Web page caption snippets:
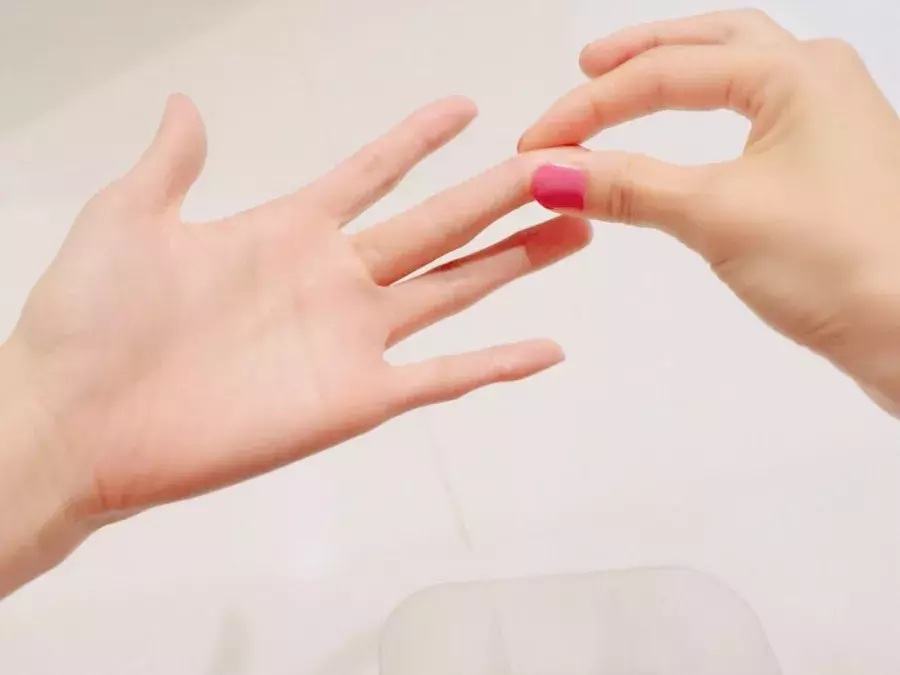 一週間お疲れさま 彼にも喜ばれるハンドマッサージでお疲れモードをリフレッシュ ローリエプレス 一週間お疲れさま 彼にも喜ばれるハンドマッサージでお疲れモードをリフレッシュ ローリエプレス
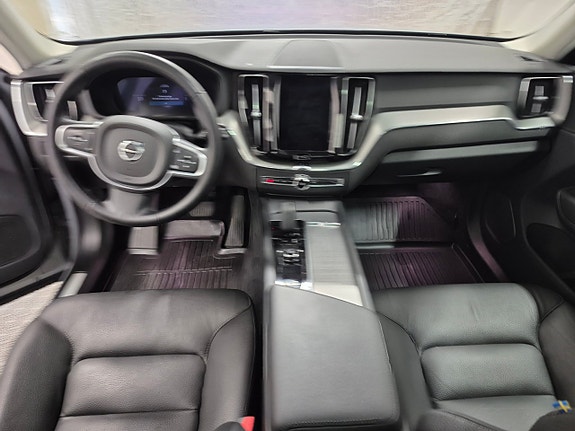 Volvo XC60 6 of 11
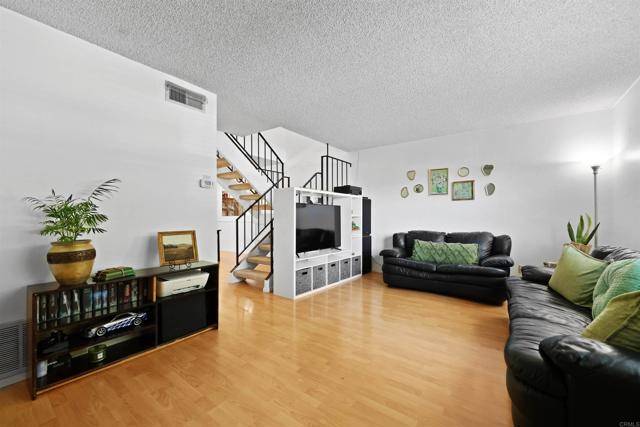 11935 Royal Rd #E, El Cajon, CA 92021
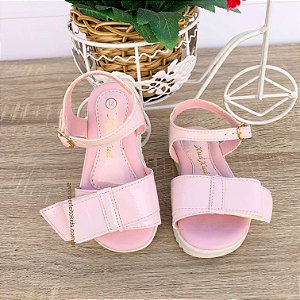 Sandália infantil menina Xuá Xuá confort em verniz rosa claro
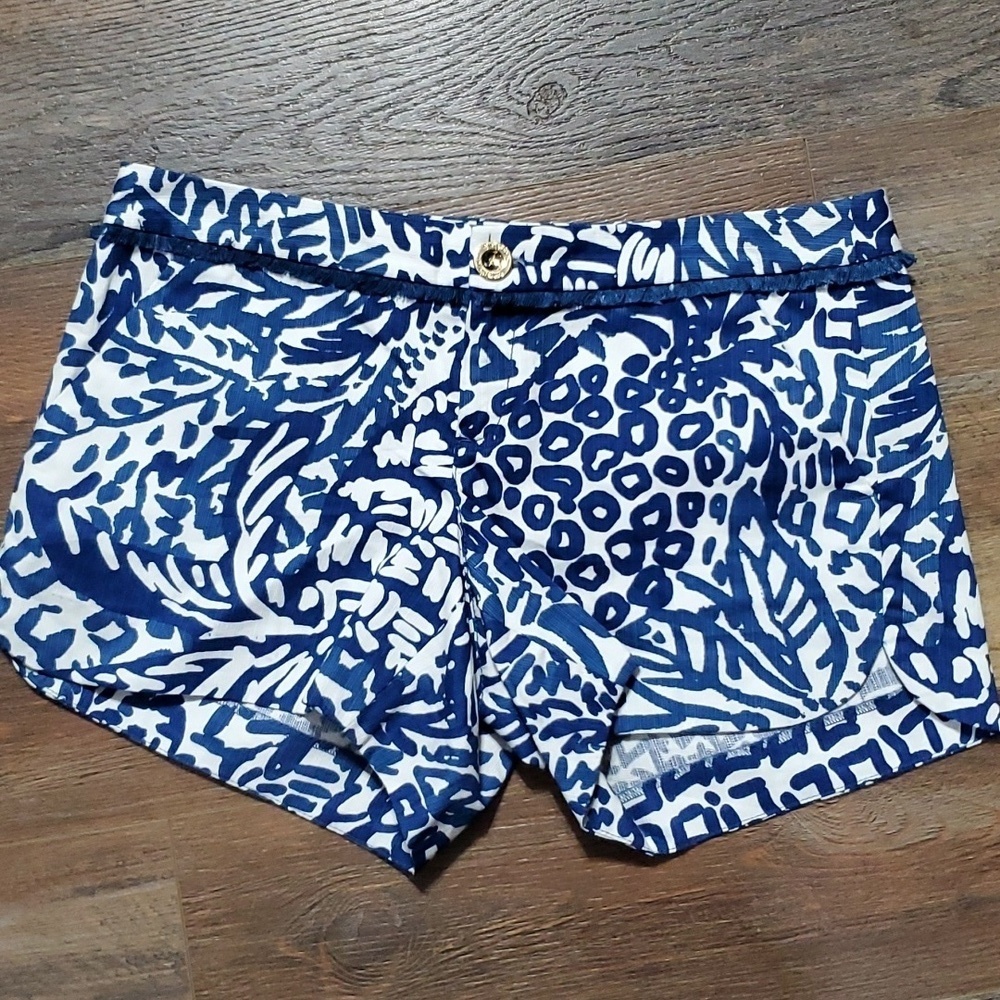 Lilly Pulitzer blue white abstract shorts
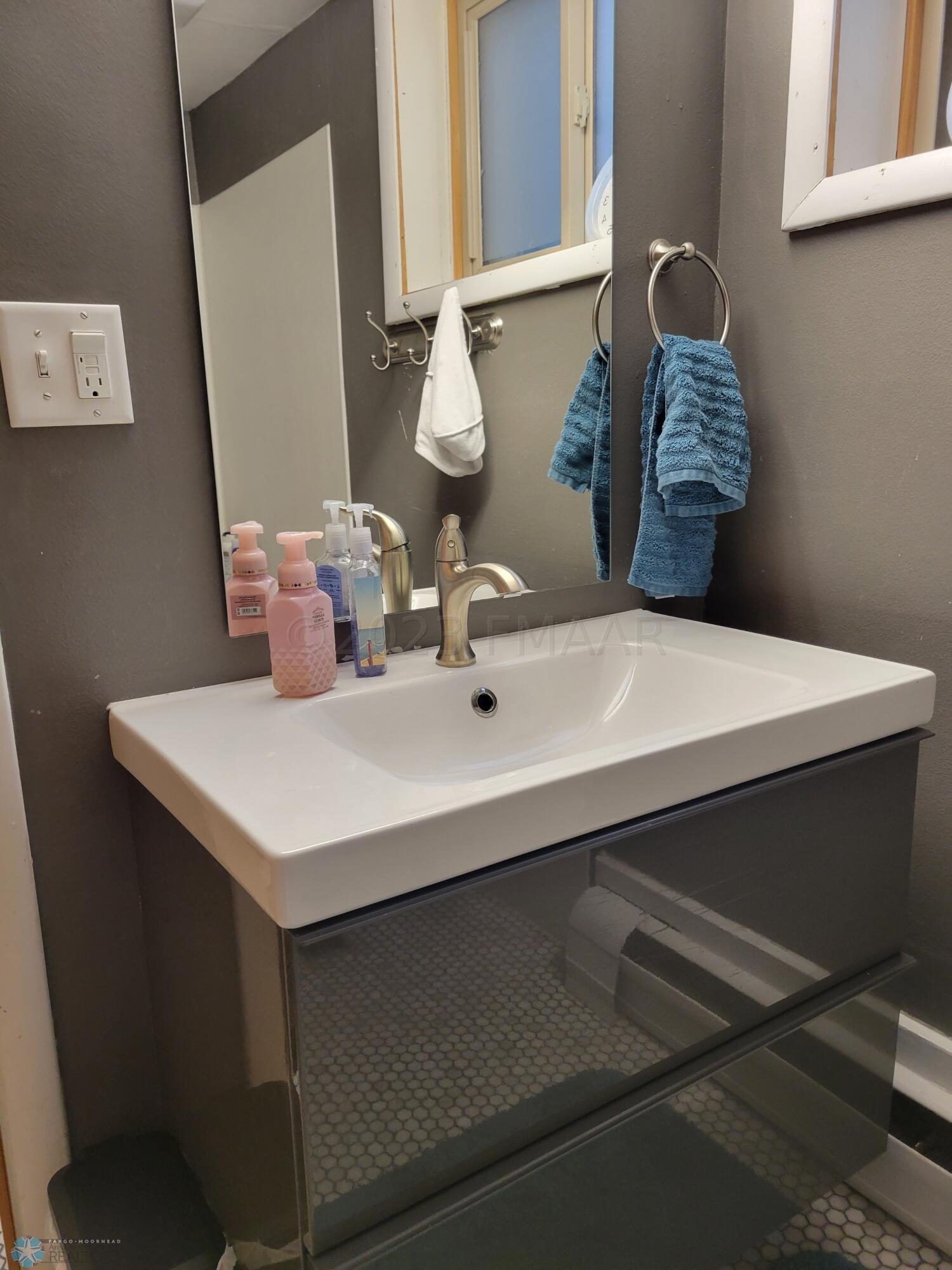 2ND BATHROOM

Brief: Each record, word for word, should be printed again without its pictures.

Exercise result:
 一週間お疲れさま 彼にも喜ばれるハンドマッサージでお疲れモードをリフレッシュ ローリエプレス 一週間お疲れさま 彼にも喜ばれるハンドマッサージでお疲れモードをリフレッシュ ローリエプレス
 Volvo XC60 6 of 11
 11935 Royal Rd #E, El Cajon, CA 92021
 Sandália infantil menina Xuá Xuá confort em verniz rosa claro
 Lilly Pulitzer blue white abstract shorts
 2ND BATHROOM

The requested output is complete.